A mi cuenta y riesgo puedo llegar a decir que fue la incapacidad de pensamiento (de juicio en términos racionales y morales), la que originó y permitió la barbarie que gobernó en Europa durante la Segunda Guerra Mundial. Ahora bien,  a qué se refiere Arendt con “incapacidad de pensamiento”? Es necesario señalar que para Arendt existe una importante distinción entre Conocimiento (Acción y capacidad para acumular ideas, elaborar teorías, resolver problemas técnicos) y Pensamiento (Capacidad de poder tener empatía, de entablar un diálogo interior que busca intentar resolver conflictos morales); distinción que permite que la autora nos hable de la Solitud, que no es otra cosa que el dialogo continuo con nosotros mismos.

Por tanto casi toda la sociedad Alemana y Europea (de 1920 a 1945) careció de una capacidad de reflexión, esa que nos lleva a interpelar nuestras propias acciones y futuras elecciones.
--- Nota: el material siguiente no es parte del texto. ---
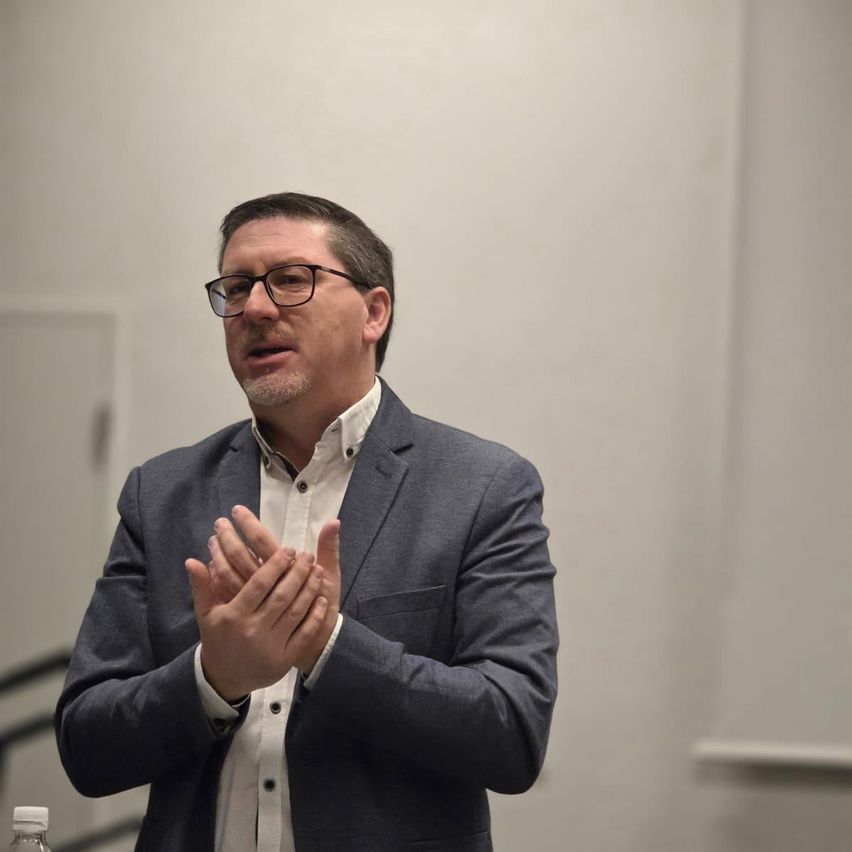 Ein Mann in einem grauen Anzug und mit Brille klatscht in der Hand, während er in einem Raum steht.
Por tanto, me permito refutar al propio Eichmann señalando que TODOS somos quien para juzgar, ya que la carencia de esa facultad (y de su ejercicio) es lo que hace posible y tolerable la diseminación del mal.

Y esta actitud no debe ser solamente aplicada frente a cualquier resistencia contra las formas que adquiere el totalitarismo, sino, sobre todo, en tiempos como los de hoy, donde es necesario preguntarnos sobre cuáles son las consecuencias de nuestras acciones: ¿qué efectos tiene en los demás lo que para nosotros no es más que un trabajo de oficina? ¿Cuáles son las consecuencias de un voto mal informado? ¿Nuestra empresa contamina, por ejemplo, o pone a otras personas en dificultades económicas? ¿Debemos ser tolerantes solamente con quienes comparten nuestras creencias? ¿Debemos juzgar nuestra historia de manera imparcial o bajo la óptica de alguna ideología? ¿Acaso sólo son los políticos que nos gobiernan los únicos responsables de la metástasis moral en la que vivimos? ¿Quién valida el comportamiento corrupto? ¿Debemos solamente combatir la gran corrupción sin hacer lo mismo con la pequeña corrupción? ¿Cuestionar a las autoridades nos hacen ser ciudadanos o nos convierten en partidarios de alguna ideología de turno?

La teoría política y ética de Arendt nos propone un nuevo “imperativo categórico”: No podemos renunciar a ejercer el pensamiento crítico y conformarnos con ser meros espectadores de lo que ocurre. Los totalitarismos (y las sociedades que las cobijan) no llegan de repente, por tanto, es importante mantener siempre el espíritu crítico y diálogo abierto.

Culmino este artículo mencionando el gran debate que generó este libro sobre la tesis planteada por Arendt donde indicaba que la responsabilidad de los nazis en cuanto a este crimen sobre la humanidad, no hubiera sido posible sin la colaboración efectiva de algunos dirigentes Judíos que vivían en la Alemania de aquellos años. Reconozco la valentía y coherencia de Arendt aquí y ahora, parafraseando a Sócrates en el Gorgias (uno de los diálogos de Platón): Es preferible sufrir una injusticia que cometerla. El filósofo no solo asegura que es mejor sufrir una injusticia que padecerla, sino que además es preferible ser castigado por cometer una mala acción que salir impune de ella.